This question already has an answer here:
The constant of integration only seems to be used at the very end of integration by parts despite the use of integrals beforehand.
An example of this would be: $$\int x\sin(x)\ dx = x\int sin(x)\ dx - \int x'(\int sin(x)\ dx)\ dx$$ Ordinarily, the right side of the equation would be simplified to: $$x(-cos(x)) - \int-cos(x)\ dx$$ And further to: $$-x(cos(x)) + sin(x)$$ Then finally arranged and given the constant of integration: $$sin(x) - xcos(x)+ C$$
What I am confused about is why $C$ is only added at the very end of this instead of at each integral.

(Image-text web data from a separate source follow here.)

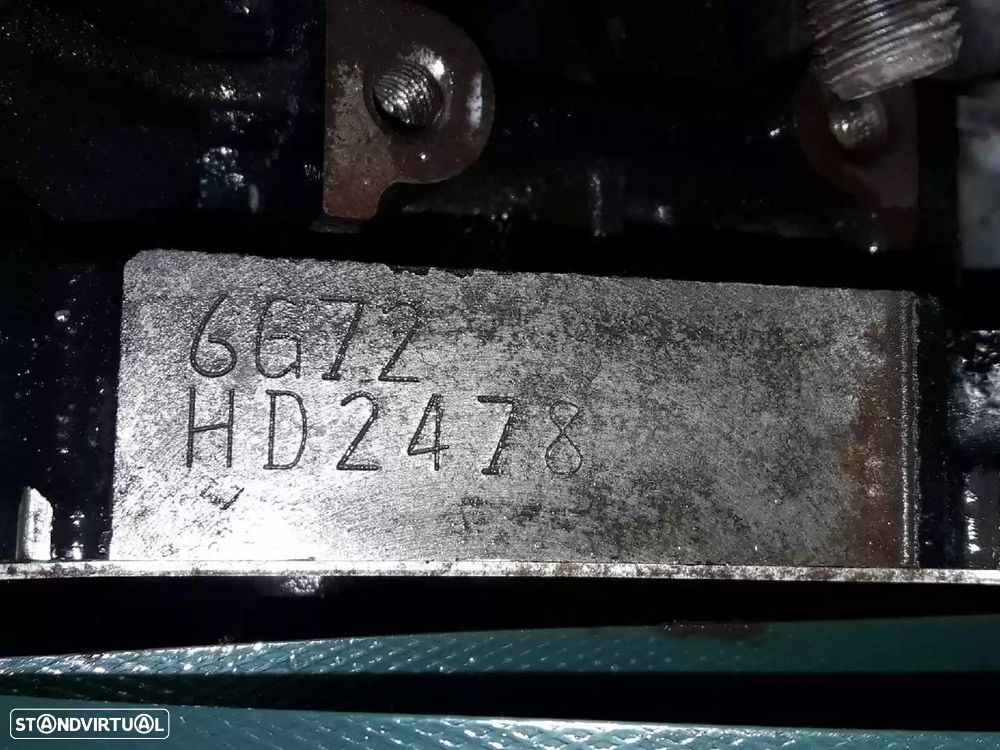 MOTOR COMPLETO MITSUBISHI MONTERO SPORT I 1998 -6G72 - 1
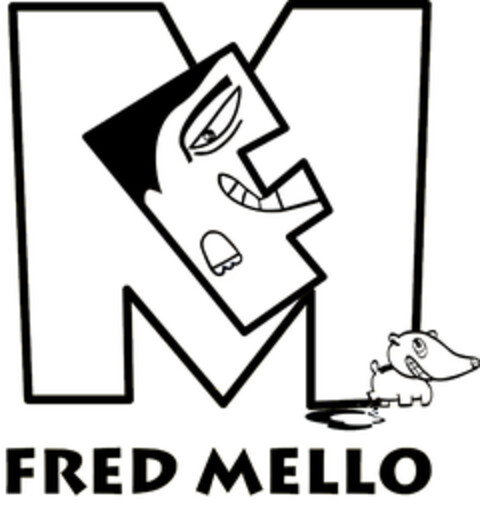 FRED MELLO Logo (EUIPO, 01.12.2005)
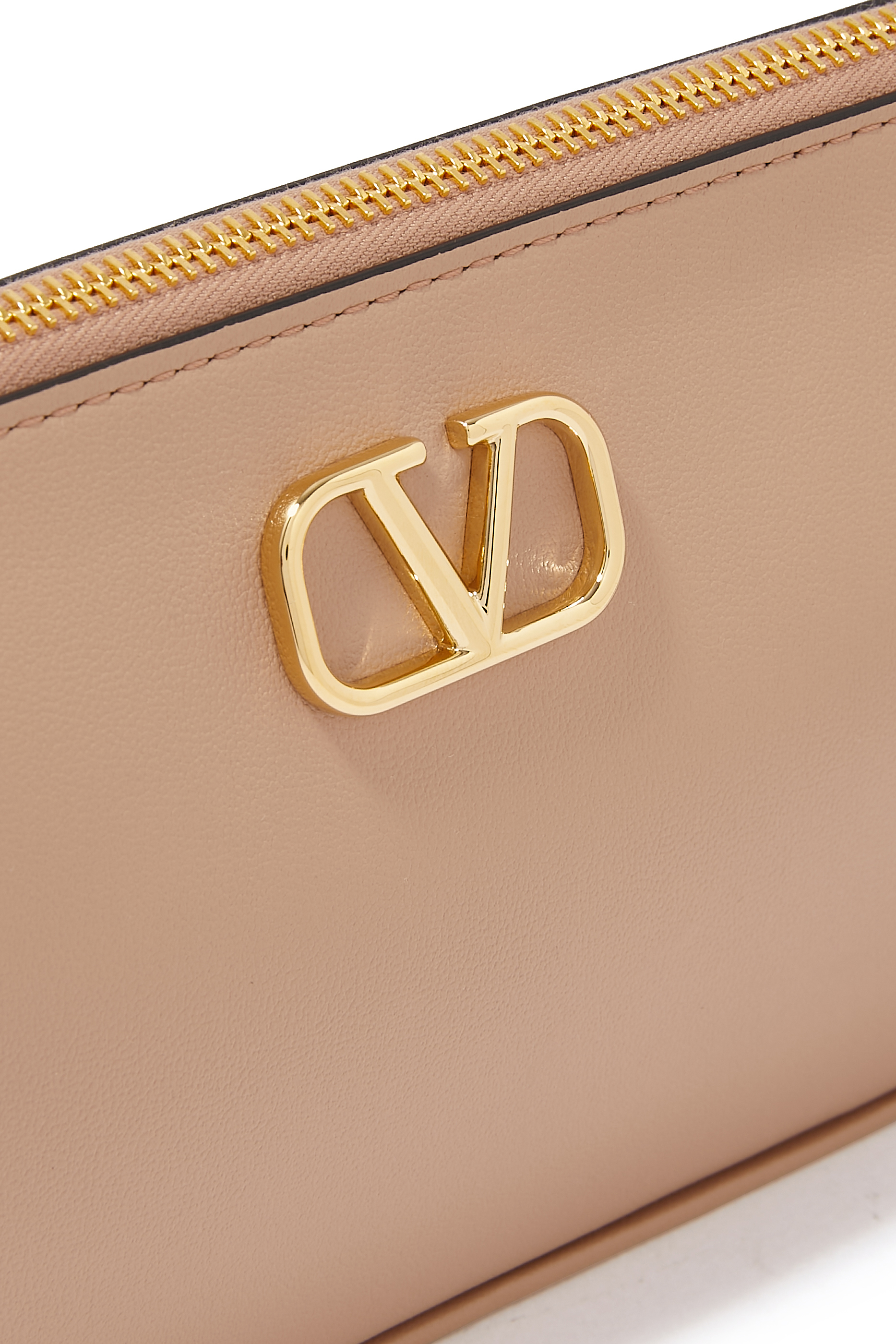 Mini VLogo Signature Crossbody Pouch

I would be more inclined to use try something more like this: $$x(-cos(x) +C_1) - \int -cos (x) + C_2\ dx$$ Which would simplify to: $$-x(cos(x) -C_1) - \int-cos(x)\ dx + \int C_2\ dx $$ And further to: $$-xcos(x) +C_1x +sin(x)+ C_3 + C_2x + C_4 $$ Which finally arranges itself as: $$sin(x) - xcos(x) + C_5x + C_6$$ Where $C_5=C_1 + C_2$ and $C_6=C_3 + C_4$
I also feel I should probably mention I am a bit of an oblivious idiot so if the answer is completely obvious or my math is full of errors, I apologize.